> _Given entries_
··········

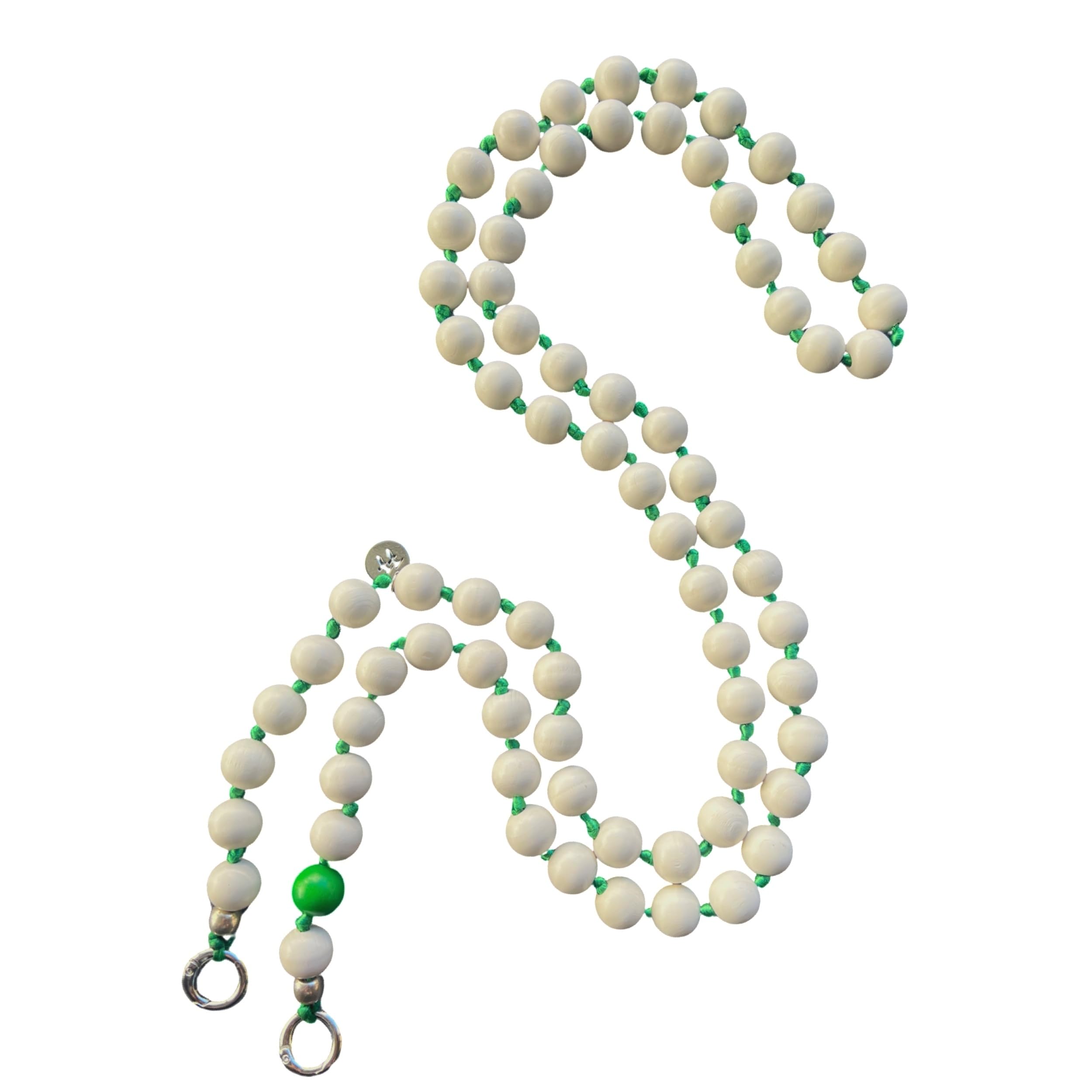 Handykette Lang Holzperlen weiß-lila I für alle Handys geeignet I ø15 mm I Länge ca. 138 cm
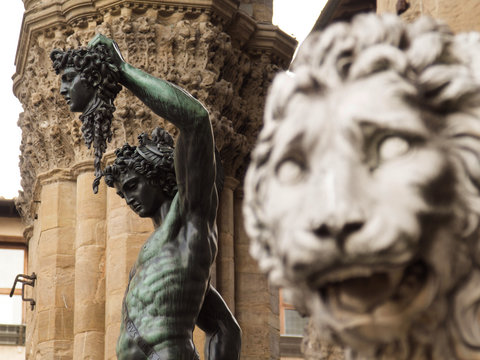 Italia, Toscana, Firenze,il Perseo del Cellini,nella loggia dei Lanzi.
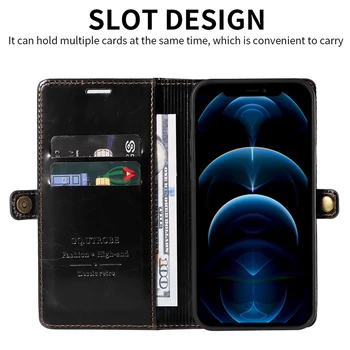  Denarnica Ohišje Za Samsung Galaxy Note 22 Ultra S21 S22 S20 FE S10 S8 S9 Opomba 10 Plus 20 9 8 A03 Jedro RFID Blokiranje Telefon Kritje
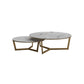 Contemporary Frame Coffee Table Round Slate Top Cocktail Table Gold Clearhalo 'Coffee & Accent Tables' 'Coffee Tables' 'coffee_tables' 'furn' 'furn_coffee_tables' 'Furniture' 'Living Room Furniture' 7070064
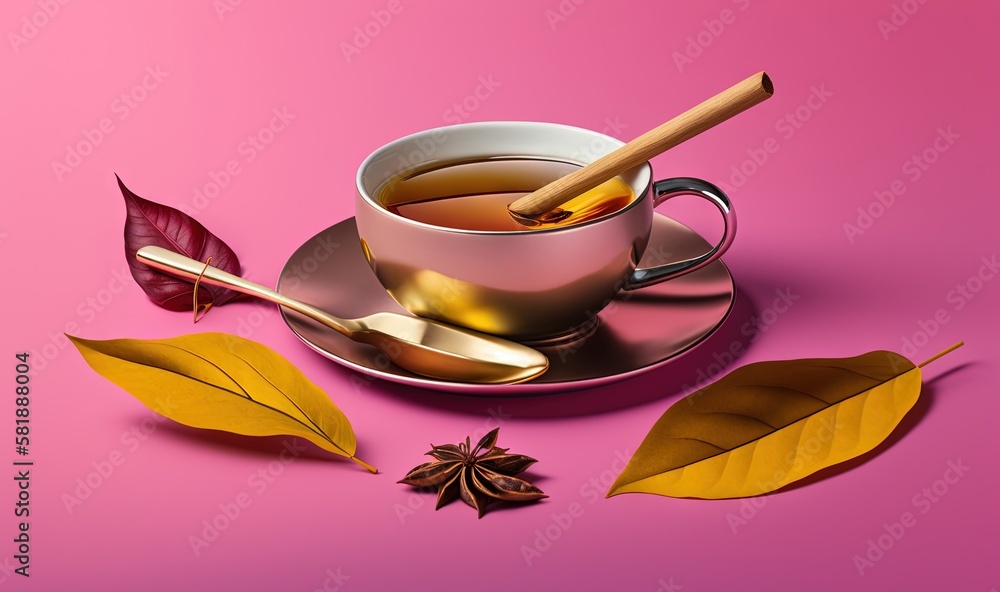  a cup of tea with a spoon on a saucer and some leaves on a pink background with a pink background a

··········

> _Task instructions_
Copy each record exactly. Leave any images out of the copy.

> _Solution for this task_
 Handykette Lang Holzperlen weiß-lila I für alle Handys geeignet I ø15 mm I Länge ca. 138 cm
 Italia, Toscana, Firenze,il Perseo del Cellini,nella loggia dei Lanzi.
  Denarnica Ohišje Za Samsung Galaxy Note 22 Ultra S21 S22 S20 FE S10 S8 S9 Opomba 10 Plus 20 9 8 A03 Jedro RFID Blokiranje Telefon Kritje
 Contemporary Frame Coffee Table Round Slate Top Cocktail Table Gold Clearhalo 'Coffee & Accent Tables' 'Coffee Tables' 'coffee_tables' 'furn' 'furn_coffee_tables' 'Furniture' 'Living Room Furniture' 7070064
  a cup of tea with a spoon on a saucer and some leaves on a pink background with a pink background a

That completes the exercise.